There were 7,363 shootings in 2019, down from 9,642 in 2018, according to the Fogo Cruzado organization, which compiled and verified the data.
The group reported 1,517 shooting deaths and 1,357 injuries from gunfire last year, slightly above 2018 levels. Fogo Cruzado doesn’t have access to official police registries, meaning total deaths are likely higher.
Shootings declined steadily in Brazil’s top tourist destination in the second half of 2019. In December, Fogo Cruzado registered 362 shootings, nearly half the number recorded in the same month a year earlier.
Gov. Wilson Witzel, who campaigned on a platform of zero tolerance for crime, boasted about the decline in shootings.
“Throughout 2019, we acted rigorously in the crackdown on crime, in addition to valuing our police,” Witzel tweeted.
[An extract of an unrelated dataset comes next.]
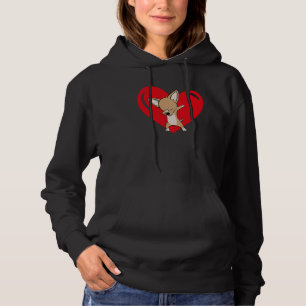 Love Heart Graphic Valentine's Day Chihuahua Boys Hoodie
He has referred to criminals as “narco-terrorists” and proposed using helicopters as platforms for snipers, who could target anyone carrying large firearms.
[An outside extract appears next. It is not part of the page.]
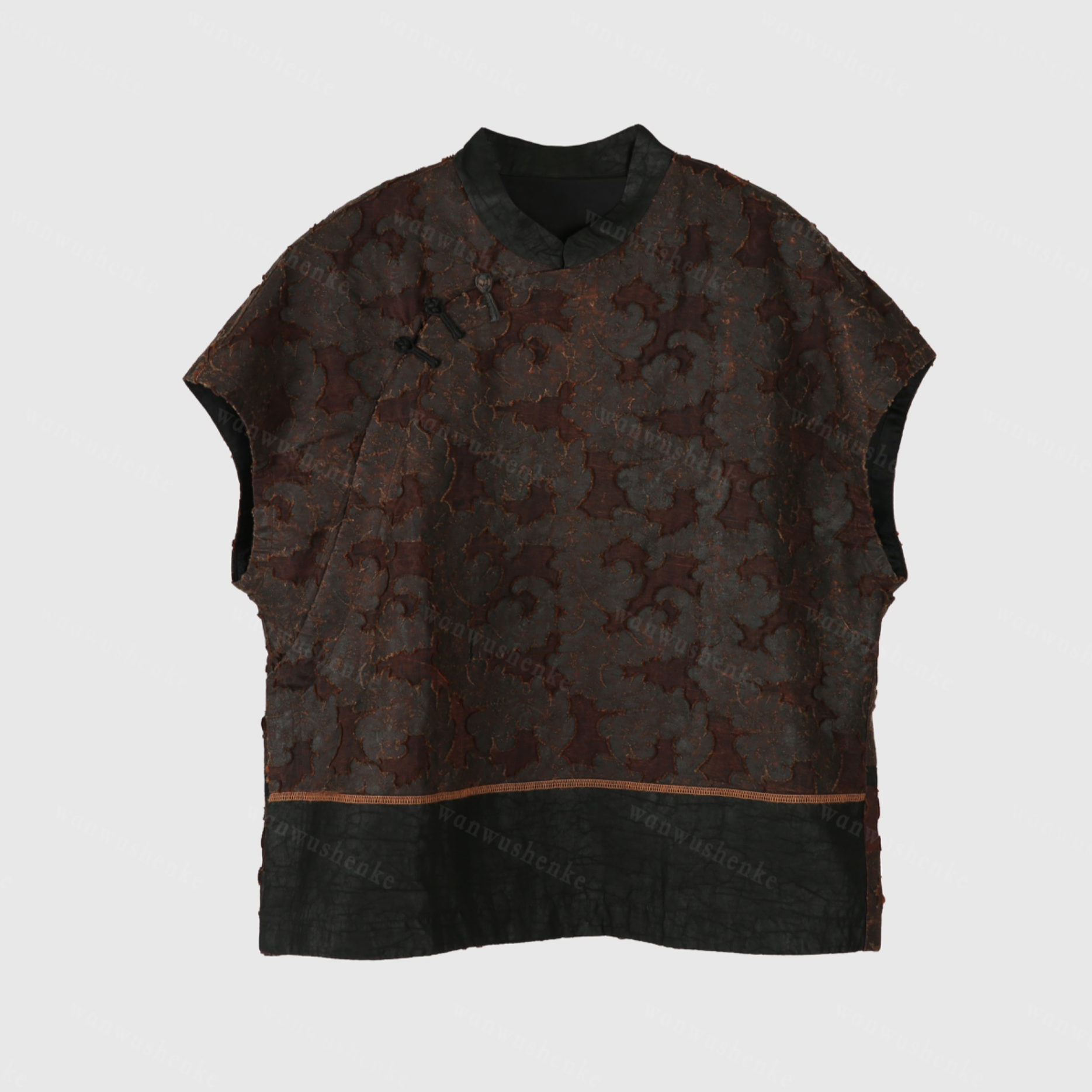 万物身客 古GB3953 重磅丝复古风设计感精致盘口马甲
Ignacio Cano, a professor at the State University of Rio de Janeiro, says the trend began in 2018 in Rio and other states, before governors were sworn in on Jan. 1, 2019.
Police figures compiled by website G1 show homicides fell 22% to 30,864 cases in the first nine months of the year, compared to the same period in 2018. That may be due to violence between rival drug trafficking gangs falling, Cano said.
Role of militias
The expansion of militias in Rio may also partly explain lower reports of shootouts in Rio. One estimate is that 2.2 million people in the metro area — out of more than 12 million residents — live under the thumb of militias, which were originally made up of former police officers, firefighters and military men who wanted to combat lawlessness in their neighborhoods.
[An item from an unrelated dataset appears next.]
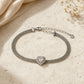 Armband „Herzfunke“ Silber – Herz-Moissanit mit Halo an feinem Armband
“When militias come in, they expel trafficking from the area,” said Rafael Alcadipani da Silveira, a public security analyst and professor at the Getulio Vargas Foundation, a university in Sao Paulo. “There is a visceral relationship between militias and police, and you end up seeing the state teaming up with militias to expel crime.”
The paramilitary groups have become, for some experts, Rio’s biggest security threat, replacing one group of criminals with another, da Silveira warned. Their activities range from retailing smuggled cigarettes to providing cable TV, electricity or transport service, and are also known to extort businesses and carry out summary executions.
Fogo Cruzado, or “Crossfire,” is a free app that was created by Amnesty International Brazil in 2016. It helps residents track shootings in real time by combining crowd-sourcing data and monitoring social media.